Among the entries below, copy only the span from the line containing "Рунетки: Stiflers_mom" through the line containing "Yu-Gi-Oh Master Duel". Do so exactly, and skip the pictures.

→ **Source data**
━━━━━━━━

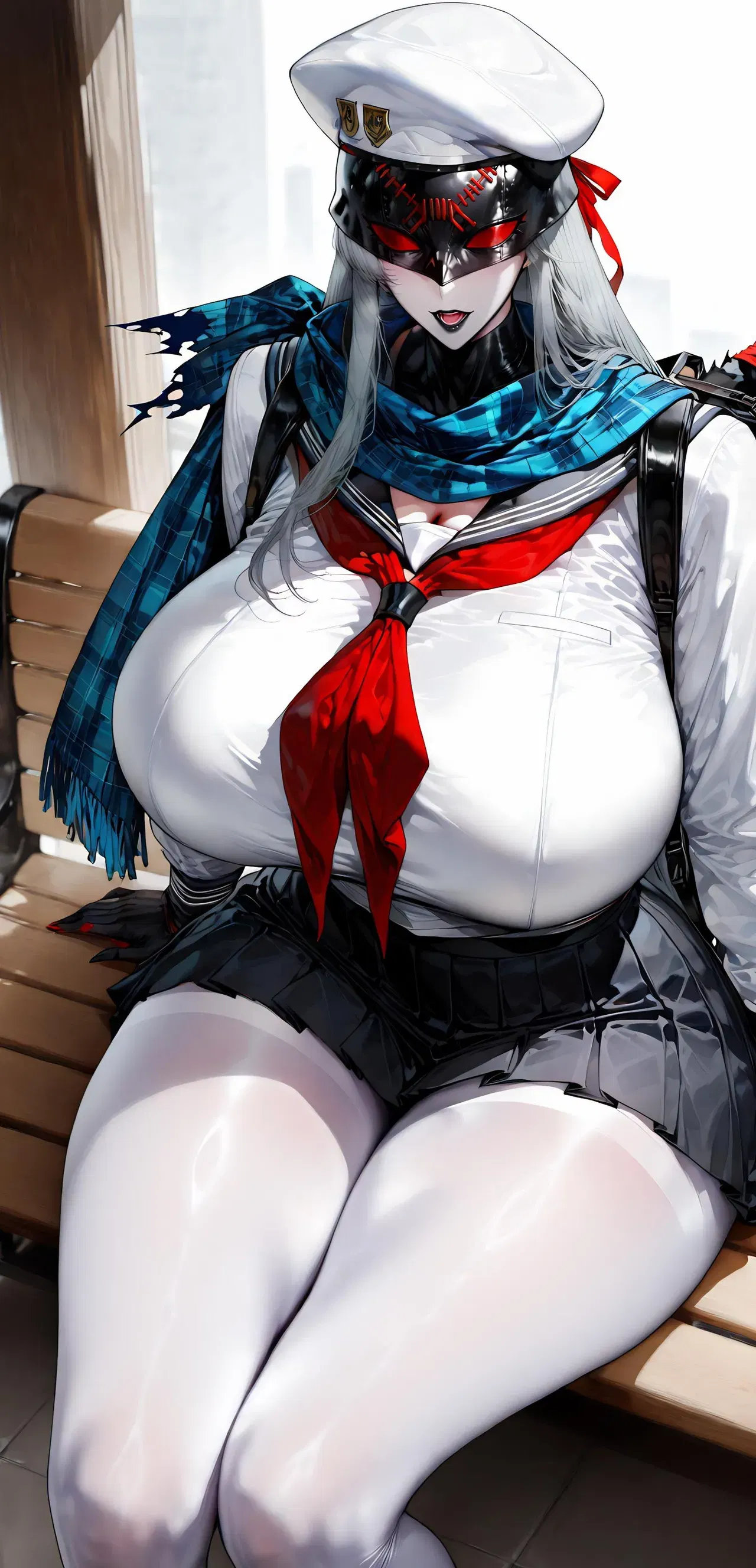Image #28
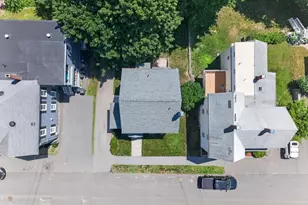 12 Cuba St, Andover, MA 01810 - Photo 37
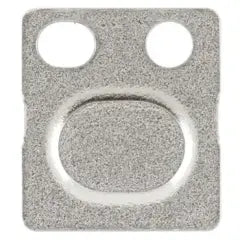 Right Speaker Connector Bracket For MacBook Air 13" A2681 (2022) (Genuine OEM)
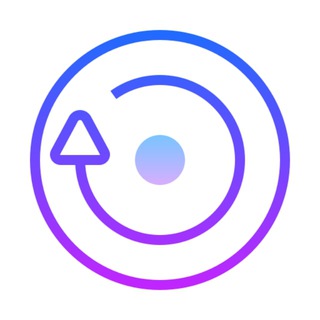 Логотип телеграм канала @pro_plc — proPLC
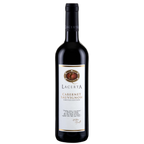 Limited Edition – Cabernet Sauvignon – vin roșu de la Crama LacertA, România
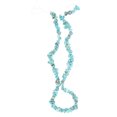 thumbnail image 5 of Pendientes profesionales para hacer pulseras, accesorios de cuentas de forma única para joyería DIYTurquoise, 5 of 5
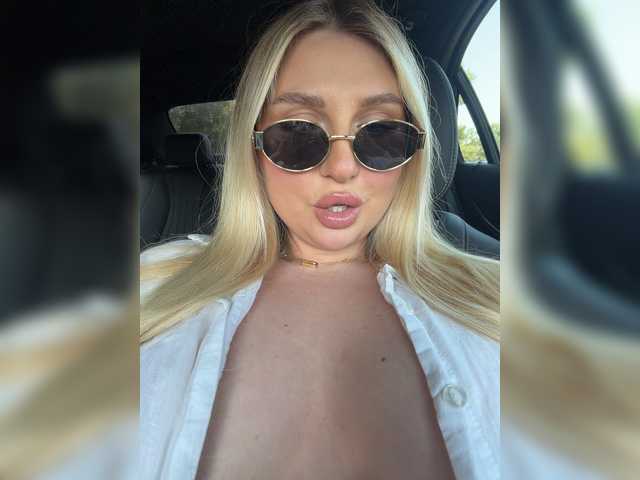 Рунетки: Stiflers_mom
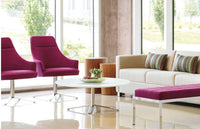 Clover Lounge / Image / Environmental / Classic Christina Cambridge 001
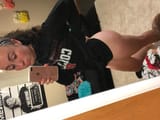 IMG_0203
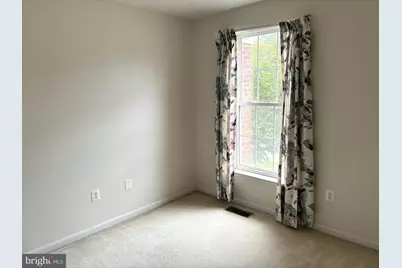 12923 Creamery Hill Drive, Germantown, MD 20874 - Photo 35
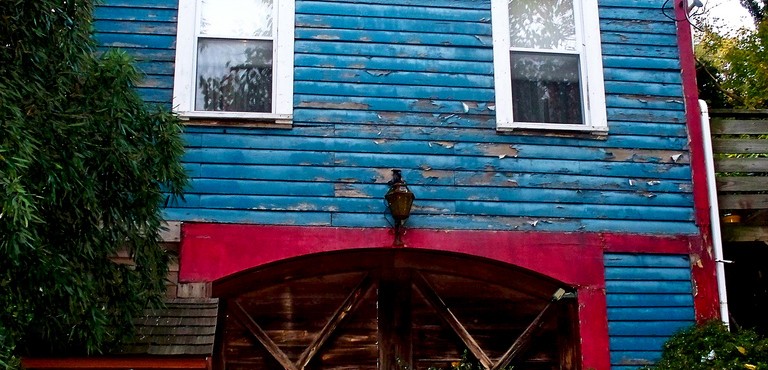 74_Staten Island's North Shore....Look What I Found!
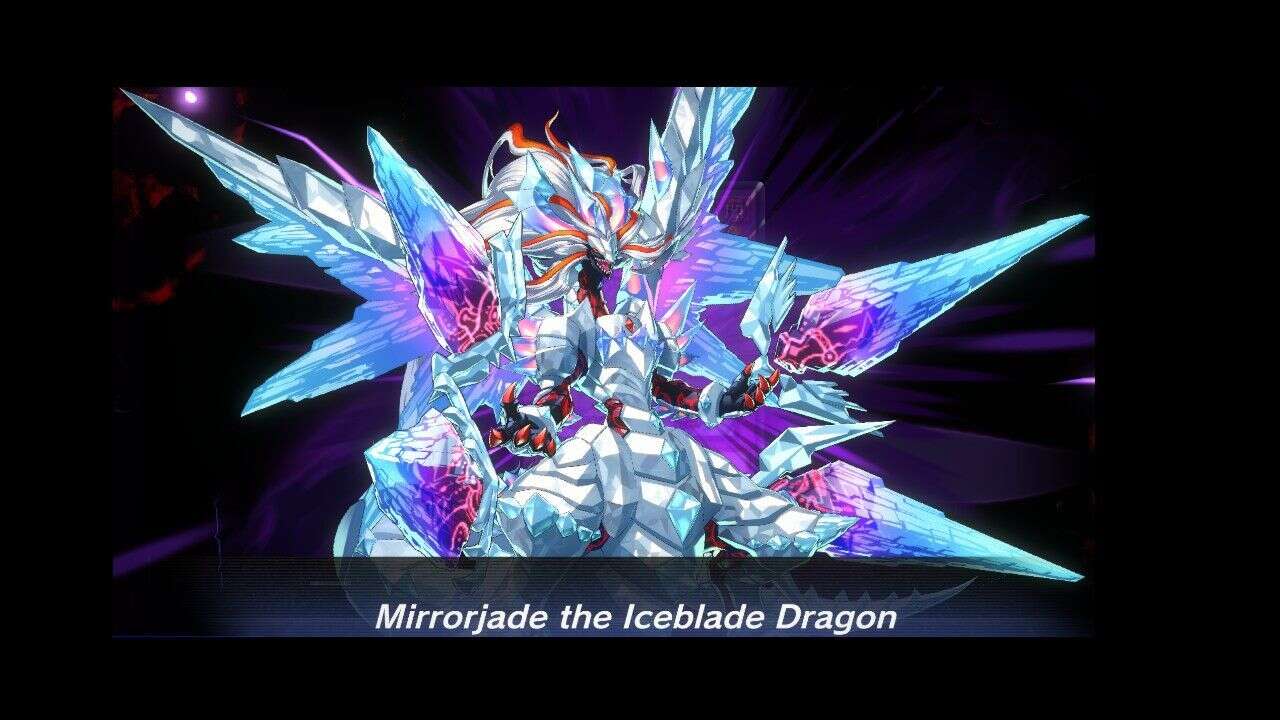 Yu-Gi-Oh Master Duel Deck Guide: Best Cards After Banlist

━━━━━━━━

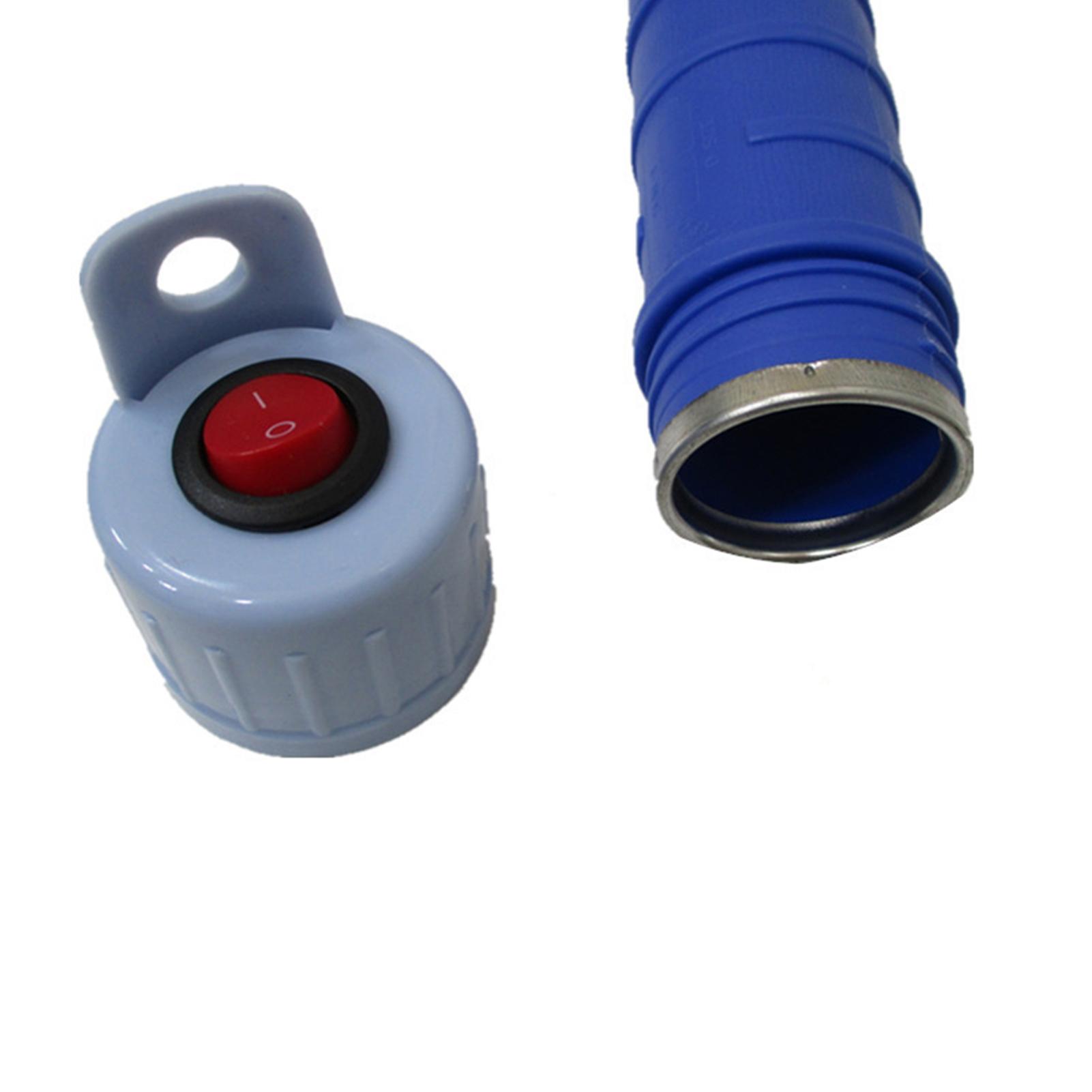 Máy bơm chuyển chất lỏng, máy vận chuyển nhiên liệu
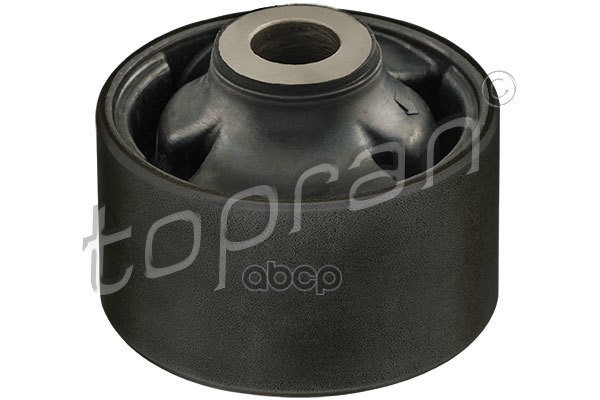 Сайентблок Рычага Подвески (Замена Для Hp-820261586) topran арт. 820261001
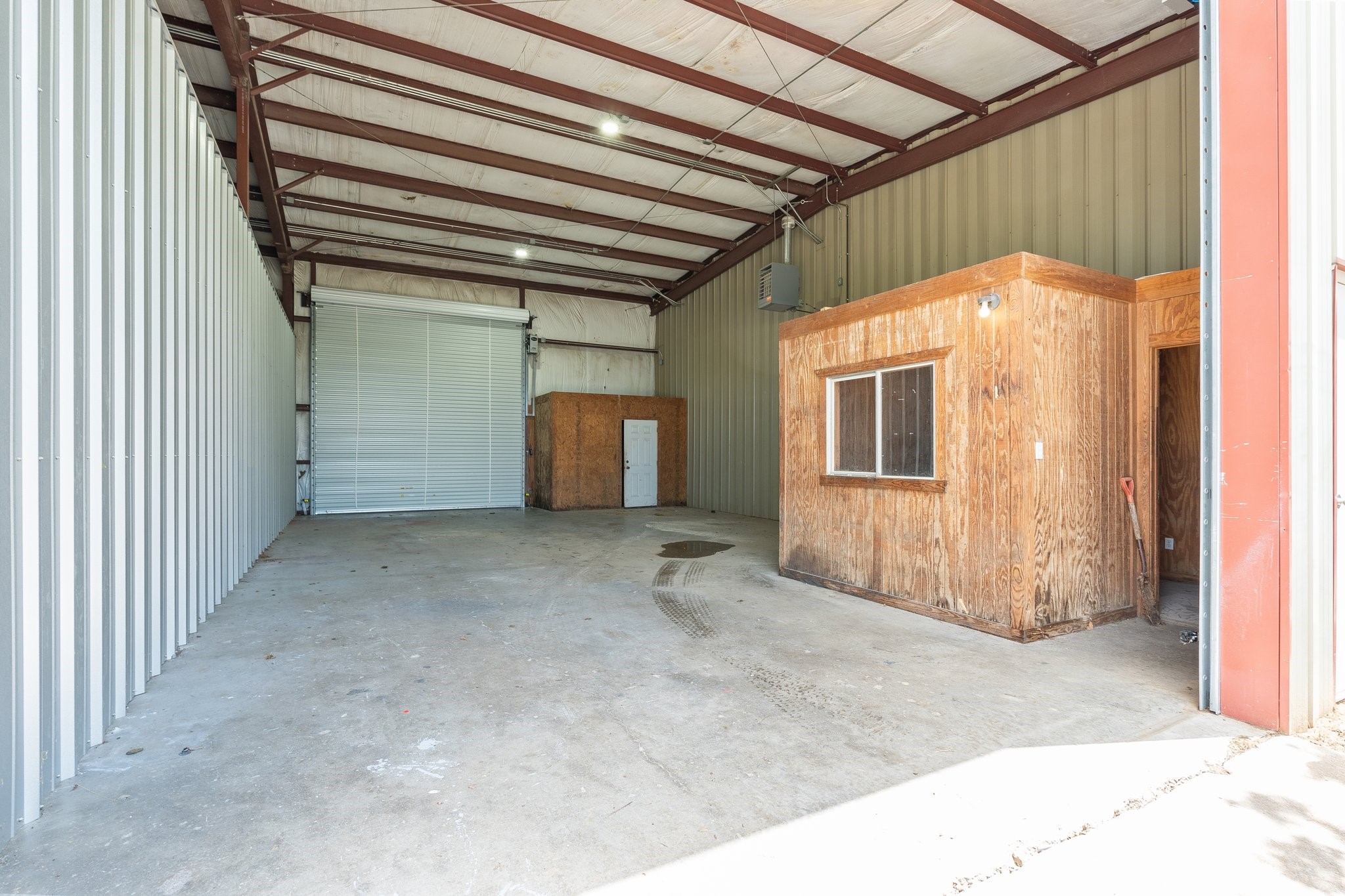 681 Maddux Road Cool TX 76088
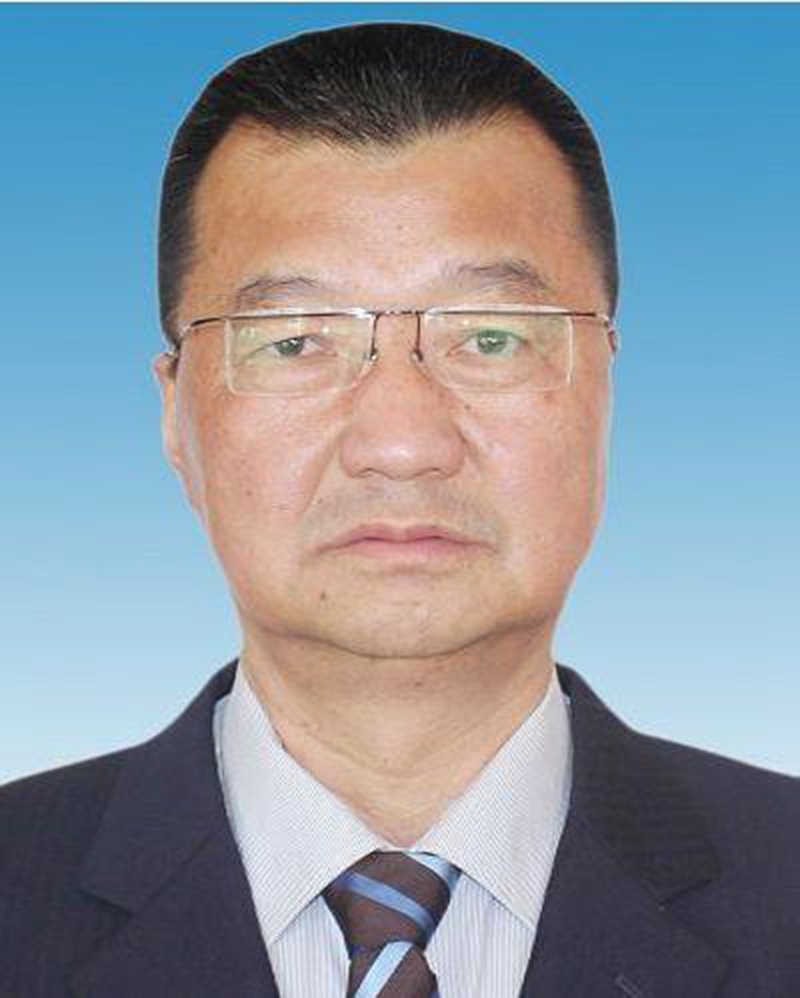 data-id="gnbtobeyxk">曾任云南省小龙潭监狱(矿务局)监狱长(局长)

━━━━━━━━

→ **Worked solution**
 Рунетки: Stiflers_mom
 Clover Lounge / Image / Environmental / Classic Christina Cambridge 001
 IMG_0203
 12923 Creamery Hill Drive, Germantown, MD 20874 - Photo 35
 74_Staten Island's North Shore....Look What I Found!
 Yu-Gi-Oh Master Duel Deck Guide: Best Cards After Banlist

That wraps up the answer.